Pull every line containing "City" from the entries.

* * *

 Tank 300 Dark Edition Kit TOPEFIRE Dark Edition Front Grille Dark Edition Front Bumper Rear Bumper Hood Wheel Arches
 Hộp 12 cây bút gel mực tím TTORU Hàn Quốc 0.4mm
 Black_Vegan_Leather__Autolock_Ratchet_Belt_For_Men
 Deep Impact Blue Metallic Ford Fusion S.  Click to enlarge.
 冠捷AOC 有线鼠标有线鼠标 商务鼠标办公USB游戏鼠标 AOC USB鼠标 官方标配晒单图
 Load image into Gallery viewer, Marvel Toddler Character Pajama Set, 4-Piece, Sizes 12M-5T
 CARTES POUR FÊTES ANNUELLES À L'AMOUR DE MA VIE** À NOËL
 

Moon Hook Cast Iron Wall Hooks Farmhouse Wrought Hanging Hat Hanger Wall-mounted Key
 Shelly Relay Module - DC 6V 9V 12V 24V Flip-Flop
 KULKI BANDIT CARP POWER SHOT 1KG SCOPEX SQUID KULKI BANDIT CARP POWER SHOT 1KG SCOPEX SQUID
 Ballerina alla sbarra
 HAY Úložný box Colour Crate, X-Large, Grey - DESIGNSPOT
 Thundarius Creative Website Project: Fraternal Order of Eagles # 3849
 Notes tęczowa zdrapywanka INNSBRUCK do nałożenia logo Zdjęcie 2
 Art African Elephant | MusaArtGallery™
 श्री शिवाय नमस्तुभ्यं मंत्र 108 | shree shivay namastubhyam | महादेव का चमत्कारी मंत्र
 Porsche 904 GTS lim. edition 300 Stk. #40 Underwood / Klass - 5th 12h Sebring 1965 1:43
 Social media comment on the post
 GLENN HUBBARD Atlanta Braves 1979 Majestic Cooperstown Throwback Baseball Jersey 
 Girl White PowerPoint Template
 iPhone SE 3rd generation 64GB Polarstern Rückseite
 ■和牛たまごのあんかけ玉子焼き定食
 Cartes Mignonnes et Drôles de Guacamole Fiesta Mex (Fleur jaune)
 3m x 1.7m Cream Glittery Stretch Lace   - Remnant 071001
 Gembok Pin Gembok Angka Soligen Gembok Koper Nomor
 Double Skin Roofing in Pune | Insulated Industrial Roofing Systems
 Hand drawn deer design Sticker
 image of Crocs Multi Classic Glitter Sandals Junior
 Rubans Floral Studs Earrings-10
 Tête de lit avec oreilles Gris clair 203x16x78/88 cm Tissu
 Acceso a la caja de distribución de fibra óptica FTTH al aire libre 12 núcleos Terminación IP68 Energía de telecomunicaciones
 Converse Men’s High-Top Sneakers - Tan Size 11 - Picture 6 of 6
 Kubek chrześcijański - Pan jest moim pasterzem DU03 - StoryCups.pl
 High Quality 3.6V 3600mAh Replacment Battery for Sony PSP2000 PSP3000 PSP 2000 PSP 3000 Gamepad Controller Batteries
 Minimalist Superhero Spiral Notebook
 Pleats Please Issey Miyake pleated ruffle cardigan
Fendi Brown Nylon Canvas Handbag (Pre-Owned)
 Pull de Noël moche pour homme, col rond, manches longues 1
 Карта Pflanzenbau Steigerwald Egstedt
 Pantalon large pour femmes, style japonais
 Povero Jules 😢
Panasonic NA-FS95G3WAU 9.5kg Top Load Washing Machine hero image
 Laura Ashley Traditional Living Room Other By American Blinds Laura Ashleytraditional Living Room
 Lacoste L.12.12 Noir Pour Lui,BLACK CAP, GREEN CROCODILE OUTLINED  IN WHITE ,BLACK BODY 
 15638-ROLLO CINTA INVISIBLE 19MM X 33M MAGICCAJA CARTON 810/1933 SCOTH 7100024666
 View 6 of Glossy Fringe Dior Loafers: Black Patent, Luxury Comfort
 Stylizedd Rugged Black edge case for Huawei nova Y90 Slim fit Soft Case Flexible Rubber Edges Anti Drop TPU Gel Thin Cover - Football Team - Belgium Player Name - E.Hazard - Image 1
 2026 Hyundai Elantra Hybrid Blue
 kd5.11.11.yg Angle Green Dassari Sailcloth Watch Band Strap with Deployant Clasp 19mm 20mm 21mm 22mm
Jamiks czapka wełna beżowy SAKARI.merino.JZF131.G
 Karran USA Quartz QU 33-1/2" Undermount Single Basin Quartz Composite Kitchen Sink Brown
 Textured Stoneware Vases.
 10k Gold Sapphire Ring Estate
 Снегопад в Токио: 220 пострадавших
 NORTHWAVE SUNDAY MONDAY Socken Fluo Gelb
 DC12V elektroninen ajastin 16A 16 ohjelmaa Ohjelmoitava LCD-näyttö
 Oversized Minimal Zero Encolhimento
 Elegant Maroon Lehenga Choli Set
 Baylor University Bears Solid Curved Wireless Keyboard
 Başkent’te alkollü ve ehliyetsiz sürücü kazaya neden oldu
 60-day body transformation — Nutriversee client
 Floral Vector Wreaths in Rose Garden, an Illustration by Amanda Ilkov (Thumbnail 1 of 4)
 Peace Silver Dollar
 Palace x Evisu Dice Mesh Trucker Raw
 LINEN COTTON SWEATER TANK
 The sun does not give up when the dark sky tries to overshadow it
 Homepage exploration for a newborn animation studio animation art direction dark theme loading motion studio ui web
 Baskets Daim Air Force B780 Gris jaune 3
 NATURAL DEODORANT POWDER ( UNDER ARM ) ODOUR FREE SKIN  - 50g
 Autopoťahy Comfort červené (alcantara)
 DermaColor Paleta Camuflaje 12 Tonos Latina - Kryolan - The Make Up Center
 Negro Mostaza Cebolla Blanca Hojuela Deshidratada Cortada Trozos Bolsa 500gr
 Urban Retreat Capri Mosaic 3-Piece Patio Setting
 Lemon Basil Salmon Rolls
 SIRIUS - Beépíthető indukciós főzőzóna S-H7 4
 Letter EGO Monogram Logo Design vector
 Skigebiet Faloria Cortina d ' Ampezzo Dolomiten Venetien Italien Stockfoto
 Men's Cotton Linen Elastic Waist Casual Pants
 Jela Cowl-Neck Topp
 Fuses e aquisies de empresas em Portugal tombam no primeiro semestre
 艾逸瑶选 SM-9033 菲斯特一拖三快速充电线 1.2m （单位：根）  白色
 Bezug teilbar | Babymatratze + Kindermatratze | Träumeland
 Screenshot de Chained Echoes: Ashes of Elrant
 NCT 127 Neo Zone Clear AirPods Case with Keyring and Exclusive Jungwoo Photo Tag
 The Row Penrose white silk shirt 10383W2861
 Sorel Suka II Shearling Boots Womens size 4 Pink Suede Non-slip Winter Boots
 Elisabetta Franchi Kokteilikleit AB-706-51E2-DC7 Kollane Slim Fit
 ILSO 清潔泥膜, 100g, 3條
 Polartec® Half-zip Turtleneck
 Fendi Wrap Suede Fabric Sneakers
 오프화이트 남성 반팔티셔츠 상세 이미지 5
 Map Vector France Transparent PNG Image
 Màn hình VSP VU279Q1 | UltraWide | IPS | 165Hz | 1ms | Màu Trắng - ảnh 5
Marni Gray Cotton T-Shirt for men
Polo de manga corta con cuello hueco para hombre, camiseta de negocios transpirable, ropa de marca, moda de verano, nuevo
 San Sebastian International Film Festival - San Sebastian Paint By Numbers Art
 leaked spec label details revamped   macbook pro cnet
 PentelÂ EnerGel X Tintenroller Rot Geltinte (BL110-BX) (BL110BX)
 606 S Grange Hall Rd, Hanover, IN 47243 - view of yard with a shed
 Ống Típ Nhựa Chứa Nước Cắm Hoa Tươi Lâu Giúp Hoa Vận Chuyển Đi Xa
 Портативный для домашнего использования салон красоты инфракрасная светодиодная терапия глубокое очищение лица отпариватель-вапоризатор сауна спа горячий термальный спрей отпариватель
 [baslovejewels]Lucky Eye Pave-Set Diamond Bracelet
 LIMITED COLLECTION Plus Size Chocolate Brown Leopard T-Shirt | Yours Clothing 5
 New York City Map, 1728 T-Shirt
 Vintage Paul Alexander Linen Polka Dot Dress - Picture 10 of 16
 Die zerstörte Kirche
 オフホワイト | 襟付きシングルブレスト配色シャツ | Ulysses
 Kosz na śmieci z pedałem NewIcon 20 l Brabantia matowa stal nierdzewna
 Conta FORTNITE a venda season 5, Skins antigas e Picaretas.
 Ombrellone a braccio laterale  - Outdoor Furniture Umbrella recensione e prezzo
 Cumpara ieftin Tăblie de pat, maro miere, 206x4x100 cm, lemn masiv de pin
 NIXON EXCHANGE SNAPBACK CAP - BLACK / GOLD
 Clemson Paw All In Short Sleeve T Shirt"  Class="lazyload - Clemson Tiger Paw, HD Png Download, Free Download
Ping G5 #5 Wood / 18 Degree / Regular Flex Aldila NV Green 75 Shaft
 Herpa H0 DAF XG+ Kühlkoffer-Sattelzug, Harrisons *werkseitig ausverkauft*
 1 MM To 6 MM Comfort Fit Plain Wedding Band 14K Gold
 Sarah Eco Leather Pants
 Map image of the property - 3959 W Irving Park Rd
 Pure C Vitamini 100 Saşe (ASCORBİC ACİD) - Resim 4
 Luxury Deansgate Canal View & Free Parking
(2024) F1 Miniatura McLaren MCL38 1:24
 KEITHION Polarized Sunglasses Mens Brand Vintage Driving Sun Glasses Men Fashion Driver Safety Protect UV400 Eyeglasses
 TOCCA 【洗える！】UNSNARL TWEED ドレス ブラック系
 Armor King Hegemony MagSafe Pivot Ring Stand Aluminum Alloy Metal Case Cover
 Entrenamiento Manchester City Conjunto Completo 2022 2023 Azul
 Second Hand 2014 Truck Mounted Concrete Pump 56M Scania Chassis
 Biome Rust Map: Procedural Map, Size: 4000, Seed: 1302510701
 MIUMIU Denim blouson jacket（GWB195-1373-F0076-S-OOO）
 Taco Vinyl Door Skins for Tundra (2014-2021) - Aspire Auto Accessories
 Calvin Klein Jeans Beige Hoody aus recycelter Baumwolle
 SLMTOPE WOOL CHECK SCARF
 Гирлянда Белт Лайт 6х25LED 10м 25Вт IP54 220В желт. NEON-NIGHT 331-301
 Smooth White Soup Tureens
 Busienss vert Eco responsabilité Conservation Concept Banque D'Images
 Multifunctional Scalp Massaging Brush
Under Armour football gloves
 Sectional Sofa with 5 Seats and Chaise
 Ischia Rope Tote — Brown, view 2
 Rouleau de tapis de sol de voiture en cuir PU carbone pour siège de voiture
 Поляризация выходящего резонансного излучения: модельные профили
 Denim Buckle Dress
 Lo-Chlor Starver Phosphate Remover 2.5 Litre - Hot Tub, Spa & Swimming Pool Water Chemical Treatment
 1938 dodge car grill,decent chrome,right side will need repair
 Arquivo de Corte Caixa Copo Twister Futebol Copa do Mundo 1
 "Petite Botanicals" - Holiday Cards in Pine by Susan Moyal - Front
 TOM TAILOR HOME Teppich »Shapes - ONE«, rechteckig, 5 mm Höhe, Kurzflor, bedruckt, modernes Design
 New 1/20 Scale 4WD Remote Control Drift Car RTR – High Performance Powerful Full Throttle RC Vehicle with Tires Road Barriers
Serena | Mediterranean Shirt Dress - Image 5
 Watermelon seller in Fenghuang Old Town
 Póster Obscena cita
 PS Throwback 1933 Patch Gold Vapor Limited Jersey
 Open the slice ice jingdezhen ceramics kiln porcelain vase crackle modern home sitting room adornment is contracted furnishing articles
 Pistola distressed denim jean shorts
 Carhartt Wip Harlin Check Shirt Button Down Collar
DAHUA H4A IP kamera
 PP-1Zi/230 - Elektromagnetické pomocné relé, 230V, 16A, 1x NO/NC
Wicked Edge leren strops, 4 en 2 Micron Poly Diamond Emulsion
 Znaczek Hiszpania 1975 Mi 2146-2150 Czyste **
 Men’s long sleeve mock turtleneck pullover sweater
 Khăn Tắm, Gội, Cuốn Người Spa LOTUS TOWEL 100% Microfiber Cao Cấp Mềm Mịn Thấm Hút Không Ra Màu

* * *

ANSWER BOX –
 New York City Map, 1728 T-Shirt
 Entrenamiento Manchester City Conjunto Completo 2022 2023 Azul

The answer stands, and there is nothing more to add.